Exercise prompt: Write out exactly the lines from the one with "Use an iron" through the last line of the data below, but not the pictures.

Given data:

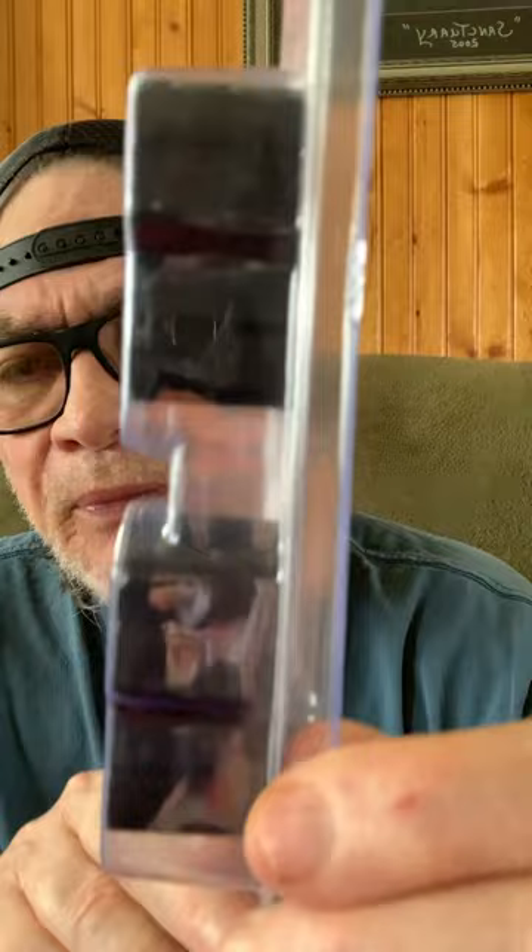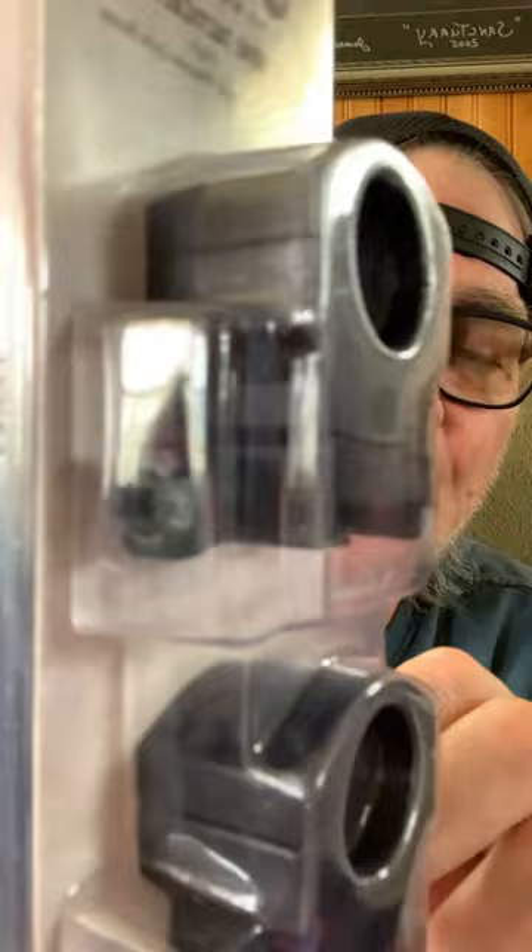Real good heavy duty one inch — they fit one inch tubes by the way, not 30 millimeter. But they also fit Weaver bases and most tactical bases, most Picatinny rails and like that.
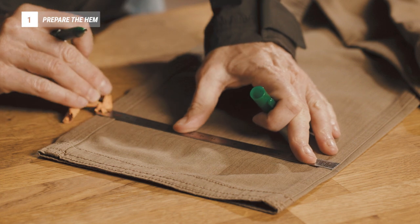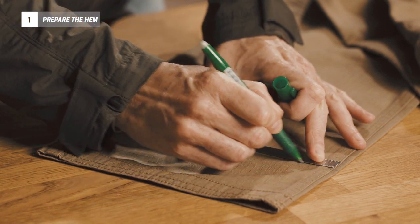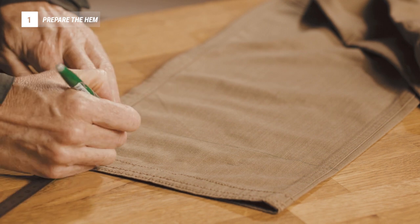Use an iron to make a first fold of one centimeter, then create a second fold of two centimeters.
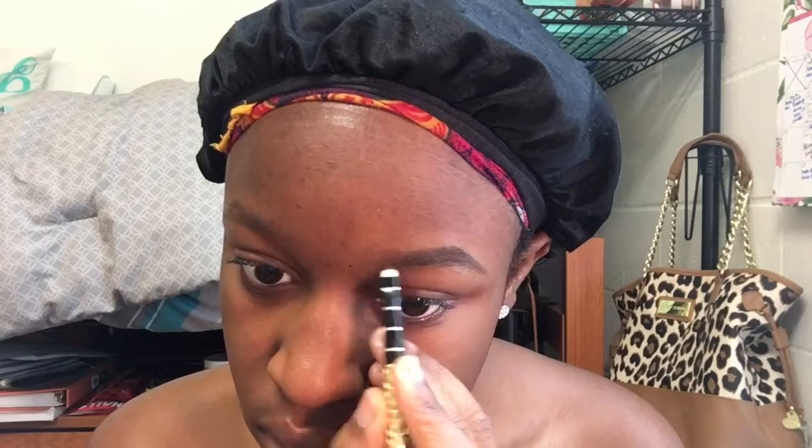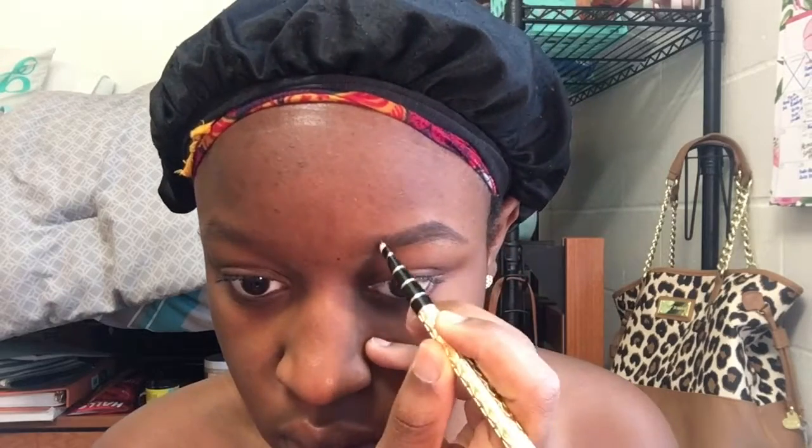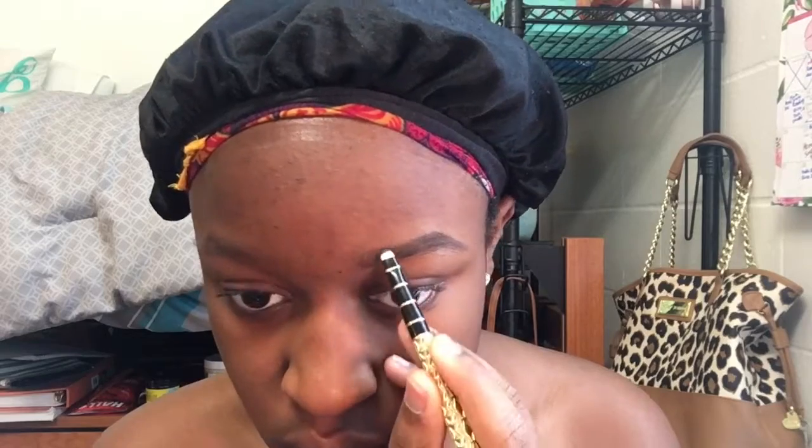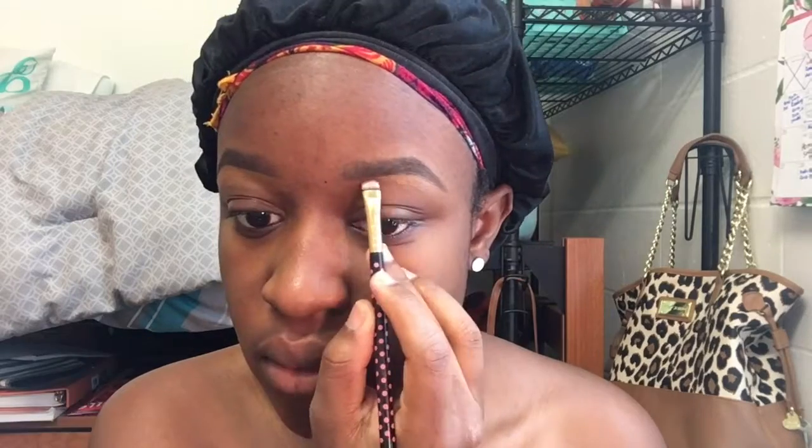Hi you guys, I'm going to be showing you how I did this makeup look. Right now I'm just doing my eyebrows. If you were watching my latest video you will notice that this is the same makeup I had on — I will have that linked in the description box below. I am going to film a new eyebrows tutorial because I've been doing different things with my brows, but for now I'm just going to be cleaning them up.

Output for this exercise:
Use an iron to make a first fold of one centimeter, then create a second fold of two centimeters.
Hi you guys, I'm going to be showing you how I did this makeup look. Right now I'm just doing my eyebrows. If you were watching my latest video you will notice that this is the same makeup I had on — I will have that linked in the description box below. I am going to film a new eyebrows tutorial because I've been doing different things with my brows, but for now I'm just going to be cleaning them up.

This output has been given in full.